Ship management company

Anglo-Eastern, also known as Anglo-Eastern Univan Group, is a ship management company, with over 700 ships under third-party management. The company was formed by an August 2015 merger between Anglo-Eastern and Hong Kong–based Univan. As of November 2018, it was the largest ship manager in the world (by number of ships), and the second largest in the world (by number of seafarers).

==History==
Peter Cremers established Anglo-Eastern in 1974, initially as a chartering and ship owning organization, with Anglo-Eastern Management Services being the in-house manager of the ships. The latter was the start of the present Anglo-Eastern Univan Group. A 1998 management buyout and a subsequent merger with an established UK ship manager, Denholm Ship Management in 2001, established the present Anglo-Eastern Group as an independent, global ship manager. In May 2012, the company entered a partnership agreement with the Teekay group, assisting them with crew management and training.
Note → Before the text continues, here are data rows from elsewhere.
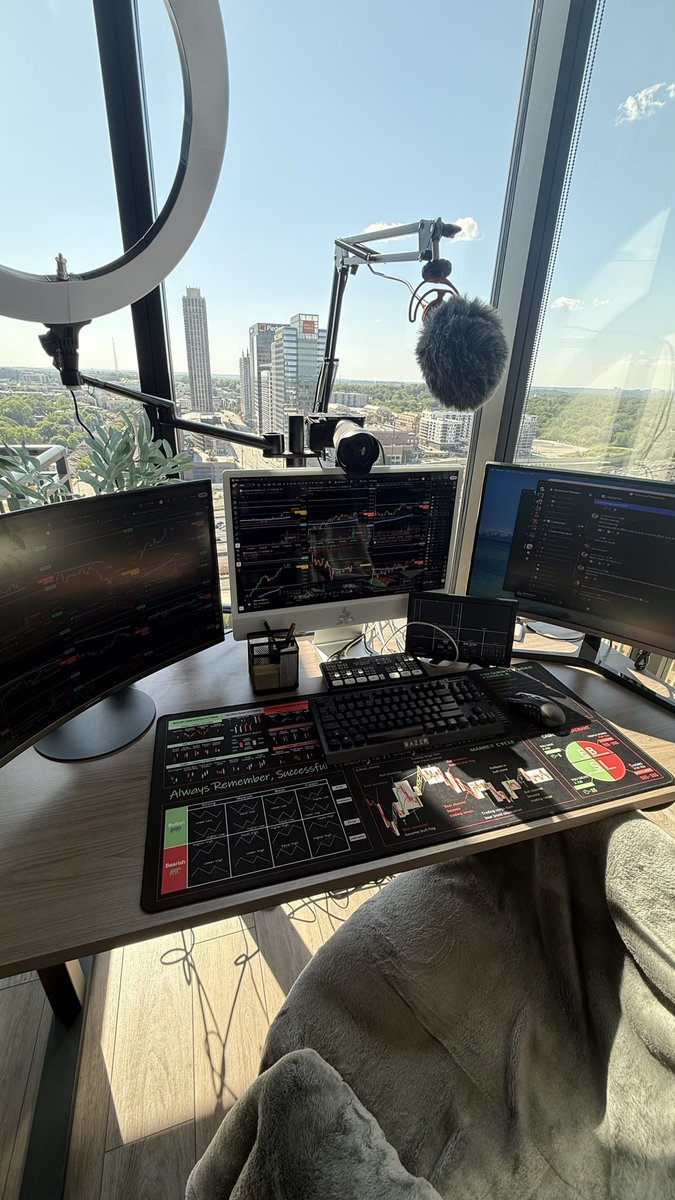 Dontez Akram 🎈 tweet media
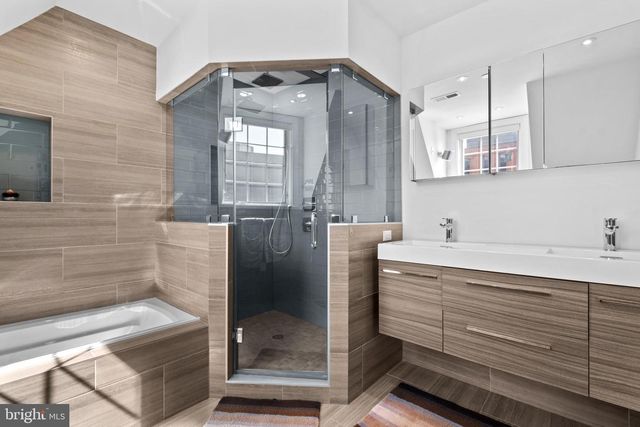 1815 LOMBARD ST, Philadelphia, PA 19146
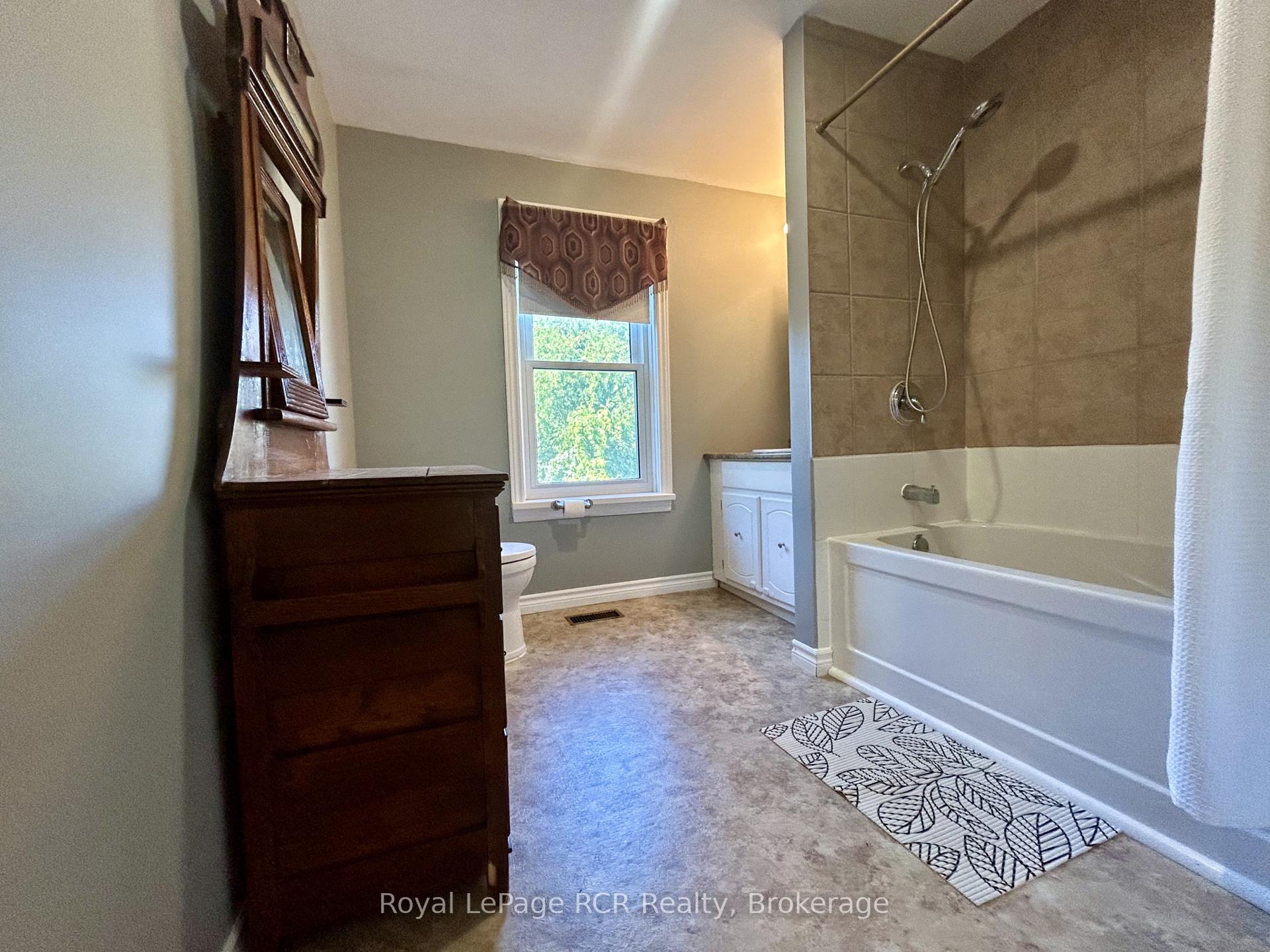 Photo 15 of 962 7th Avenue E, Owen Sound — HOMEH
By September 2013, Anglo-Eastern was managing more than 450 vessels, consisting mostly of container ships, bulk carriers and tankers (crude oil, product and chemical), heavy lift vessels (owned by Dockwise—a Dutch company) and a few general cargo and RoRo vessels. In August 2015, Anglo-Eastern merged with Univan Group and was renamed Anglo-Eastern Univan Group, with a combined total of almost 24,000 employees, and combined third party management of nearly 600 ships.

==Offices==
Since April 2020, Anglo-Eastern has had its head office in Kowloon Bay, Hong Kong, where it occupies three floors in Kingston International Centre, 19 Wang Chiu Road. Additionally, the company has more than 30 locations across Asia-Pacific, Europe and the Americas, including but not limited to Singapore, Mumbai, Manila, Antwerp, Hamburg, Goes, Glasgow, Odesa and London.
It employs more than 39,000 seafarers from multiple countries, with a majority of its seafarers coming from India, Philippines, Ukraine, Latvia and China. It also has one of the largest maritime training centres in India, located in Mumbai (also Delhi), a large cadet training academy in nearby Karjat (Anglo-Eastern Maritime Academy), and additional training centres in Odesa, Manila and mainland China.